One new test is added to X86 to show a few tuning features with mismatched tune-cpu and target-cpu/target-feature attributes to demonstrate independent control.

I have not added a -mtune to llc/opt or MC layer command line yet. With no attributes we'll just use the -mcpu for both. MC layer tools will always follow the normal CPU for tuning.

I'm happy to break this into smaller pieces if that's helpful. Maybe separating MC plumbing from X86?

Diff Detail

Event Timeline

craig.topper created this revision.Aug 3 2020, 2:56 PM
Herald added a project: Restricted Project. · View Herald TranscriptAug 3 2020, 2:56 PM
Herald added a subscriber: hiraditya. · View Herald Transcript
craig.topper requested review of this revision.Aug 3 2020, 2:56 PM

Could you add some test coverage for different scheduling models?

Do the x86 scheduling models do something sane with "impossible" instructions, like if you use AVX512 instructions with Atom tuning?

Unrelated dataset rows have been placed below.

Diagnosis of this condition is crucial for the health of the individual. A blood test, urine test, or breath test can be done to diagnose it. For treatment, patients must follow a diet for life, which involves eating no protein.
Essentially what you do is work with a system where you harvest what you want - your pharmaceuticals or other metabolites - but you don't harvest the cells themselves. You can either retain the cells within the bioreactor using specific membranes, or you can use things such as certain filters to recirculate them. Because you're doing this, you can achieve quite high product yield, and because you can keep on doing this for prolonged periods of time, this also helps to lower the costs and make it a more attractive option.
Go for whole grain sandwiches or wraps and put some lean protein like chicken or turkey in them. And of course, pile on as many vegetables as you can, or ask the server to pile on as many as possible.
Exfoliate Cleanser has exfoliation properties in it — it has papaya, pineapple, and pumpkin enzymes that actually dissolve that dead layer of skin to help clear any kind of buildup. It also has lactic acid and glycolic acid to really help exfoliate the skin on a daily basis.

In order to minimize code changes to non-X86 targets and out of tree targets in this initial patch. I've added a bit to the TableGen Target class to tell tablegen whether the targets supports a tune CPU.

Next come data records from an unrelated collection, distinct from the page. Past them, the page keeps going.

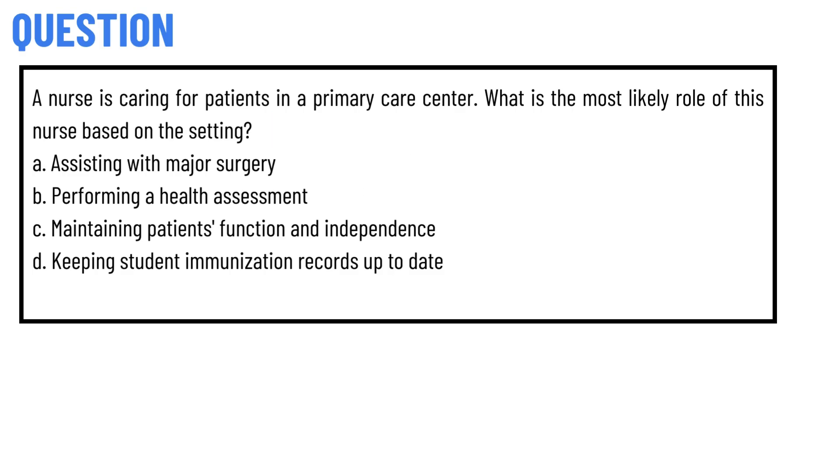Our today's question is: A nurse is caring for patients in a primary care center. What is the most likely role of this nurse based on the setting? Option A: assisting with major surgery. Option B: performing a health assessment.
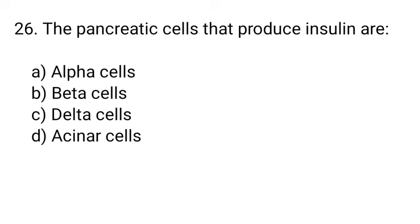Question number 26. The pancreatic cells that produce insulin are... The right answer is option B. Beta cells.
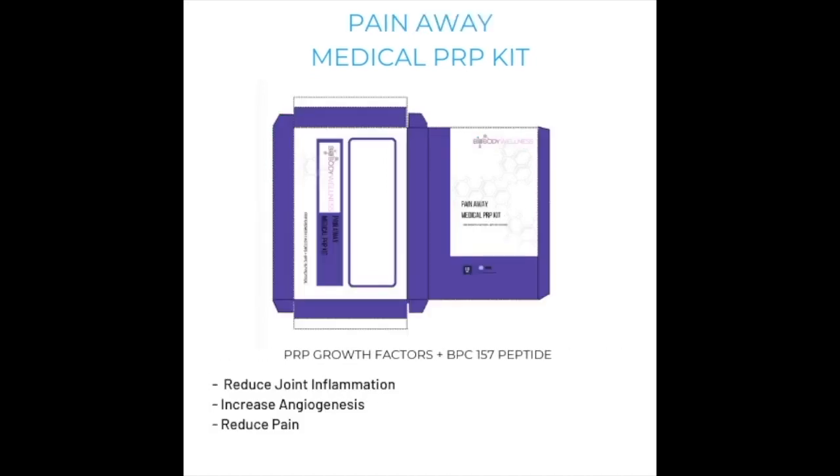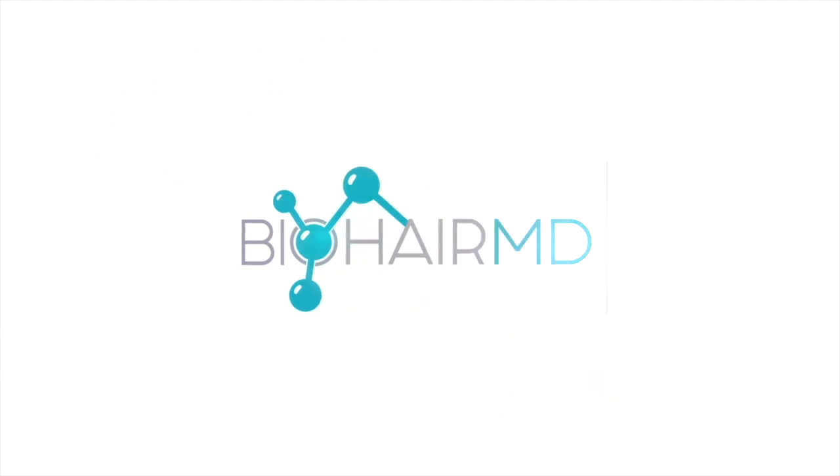Pain Away Medical PRP Kit has PRP growth factors plus BPC-157 peptide that reduce joint inflammation, increase angiogenesis and reduce pain. BioHairMD. Maximize Your Mojo.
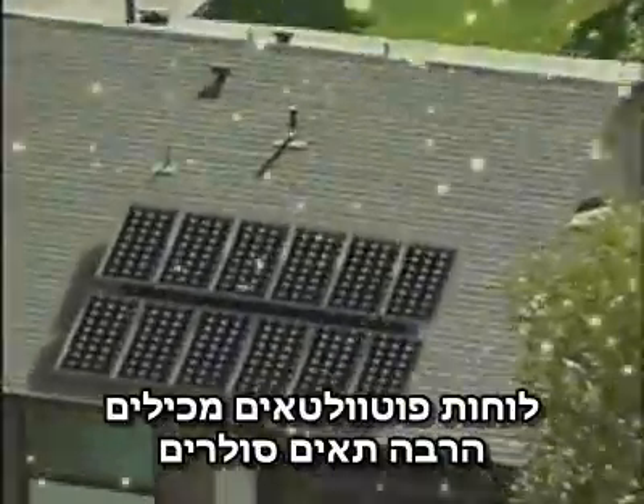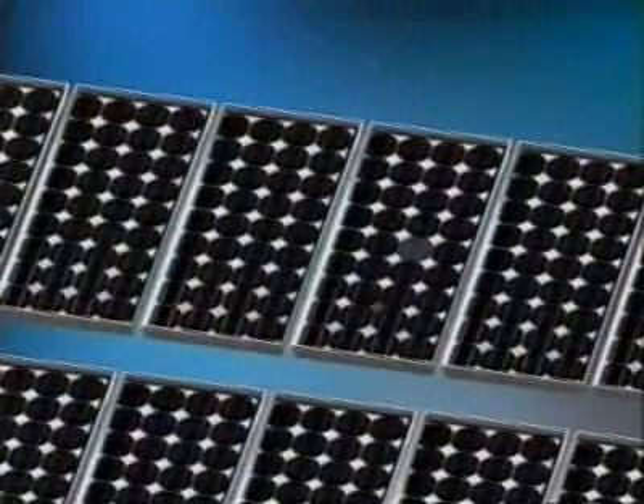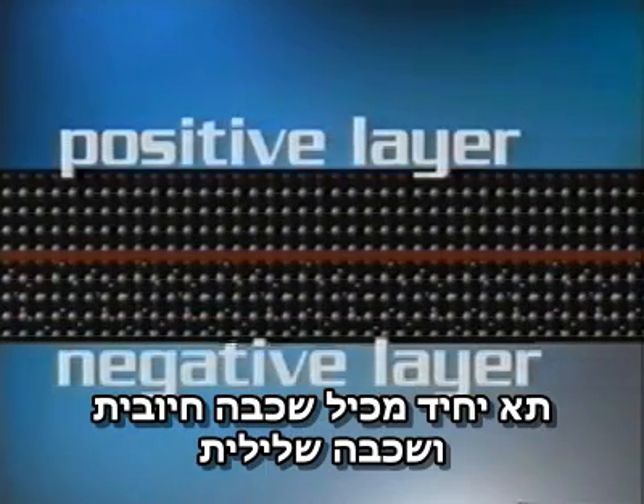Photovoltaic panels consist of many solar cells. These are made of materials like silicon, one of the most common elements on Earth. The individual cell is designed with a positive and a negative layer to create an electric field, just like in a battery.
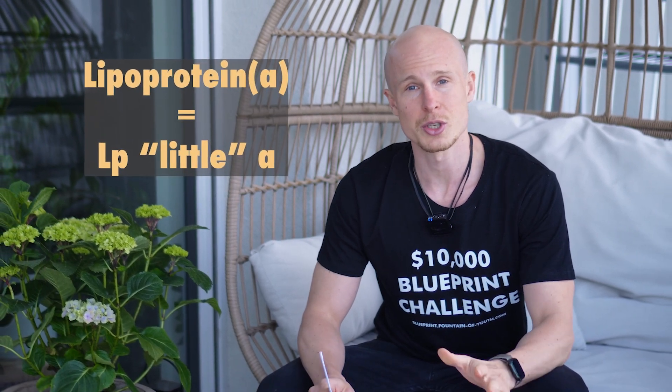One of my genes causes a biomarker called lipoprotein A, or LpA, to be much higher than average. Studies show there's at least a 10 and maybe a 20% chance that your LpA is elevated. You really need to demand that your physician checks this. In this video I'll walk you through what LpA is, its associated risks, how to treat it, and what I'm going to do about it at my value.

How much work is it to "support" tune-cpu for a target without actually adding any tuning features? If it's just a few function signatures in the subtarget, I'd prefer to just add it to all targets at once, rather than add the HasTuneCPU flag.

Remove hasTuneCPU from tablegen. Update interfaces in all targets instead.

@andreadb @RKSimon or @efriedma do any of you have suggestions for simple scheduler tests for this? I was hoping I could use -print-schedule like we used to but that no longer exists.

@andreadb @RKSimon or @efriedma do any of you have suggestions for simple scheduler tests for this? I was hoping I could use -print-schedule like we used to but that no longer exists.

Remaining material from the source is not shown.